LkH 234 is a B5e-B7e type star of bolometric luminosity of about 1200 Lsun (Strom S.E. et al.: 1972, ApJ, 173, 353) located in the well studied NGC 7129 star forming region, 1 kpc away from us (Racine R.: 1968, AJ, 73, 233). We first observed this object on August 1991. We used a broad-band N filter encompassing the whole 10 microns atmospheric window and a pixel field of view of 0.4". The usual chopping and nodding technique was used to subtract the huge background generated by the telescope and the atmosphere. As can be seen on Figure 3a, a faint companion, about 10% of the LkH 234 flux, is detected 2.7" north-west from LkH 234. Additional observations of this object were made in July 1996 in the 20 microns atmospheric window. The observations were done again with CAMIRAS, but optimised for observations at 20 microns, (CdTe lenses and entrance window, instead of Germanium). The 20 microns atmospheric window is a poor window and observing from such an excellent site as Mauna Kea is definitely an advantage. The companion now appears as bright as LkH 234 (Figure 3b). A spectrum rising so steeply with wavelength is characteristic of a deeply embedded young stellar object. The companion is spatially associated with shock-excited H2 emission knots, a radio continuum source, and water masers. Hence it is probably responsible for a large fraction of the collimated ejection previously attributed to LkH 234. Such a result suggests that present estimates of the bipolar outflow activity in Herbig Ae/Be stars would need to be re-examined, as the dominant contribution might originate from optically invisible objects. The results shown here are part of a paper by Cabrit, Lagage, McCaughrean and Olofsson in press in A&A.
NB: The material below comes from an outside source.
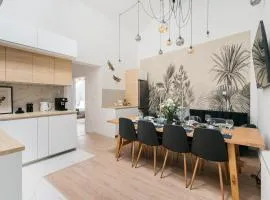 Dragonfly Old Town Apartment - LoftAffair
AFGL 4029 is another interesting Herbig Be stars of high bolometric luminosity (20 000 Lsun; Snell R., Huang Y.-L., Dickman R. & Claussen M.J.: 1988, ApJ, 325, 853) located 2.2 kpc from us (Becker W. & Fenkart R.: 1971, A&AS, 90, 225). We observed this object in July 1996 with 4 narrow-band filters: 8-9 microns, 10.45-10.85 microns, 11-11.45 microns, 11.77-12.22 microns and with a pixel field of view of 0.3". The observations were done partly during day time (thanks John!). At 10 microns, there is no significant difference between the background intensity during day or night. The only problem with day-time observations is guiding. However in the case of AFGL 4029, the object is bright so that we can correct tracking errors, a posteriori, by recentering the individual exposures. As can be seen on Figure 4, there is an extended nebulosity West of AFGL 4029. The emission from this nebulosity appears to be more intense in the 11.3 and 8.6 microns bands, which indicates that the emitters are made of small carboneous material (e.g. Pah's). A careful analysis of the images shows that AFGL 4029 itself is resolved (Zavagno, Lagage & Cabrit in preparation); the spectrum in the resolved circumstellar envelope features 11.3 and 8.6 microns bands, but the band to continuum contrast is lower than in the western nebulosity. As a bonus, thanks to the large field of view which is now available with the 192×128 LETI/LIR array, the HII region 23" to the east of AFGL 4029 (Deharveng L., Zavagno A. et al.: 1996, A&A in press) was also observed. It is clearly resolved (extension more than 8") and also shows the 8.6 and 11.3 micron emission features.

The two examples presented here show how high resolution mid-IR observations can help in understanding the complex environment of Herbig Ae/Be stars. Indeed cold or embedded companions can be revealed. Ambient cloud nebulosity of small carboneous dust or molecules can be detected. Even circumstellar envelopes can be resolved.

Acknowledgements: It is a great pleasure to thanks R. Jouan and P. Masse for perfect technical assistance during the CAMIRAS observations. We also thank E. Pantin for helping us with is filtering and deconvolution technique.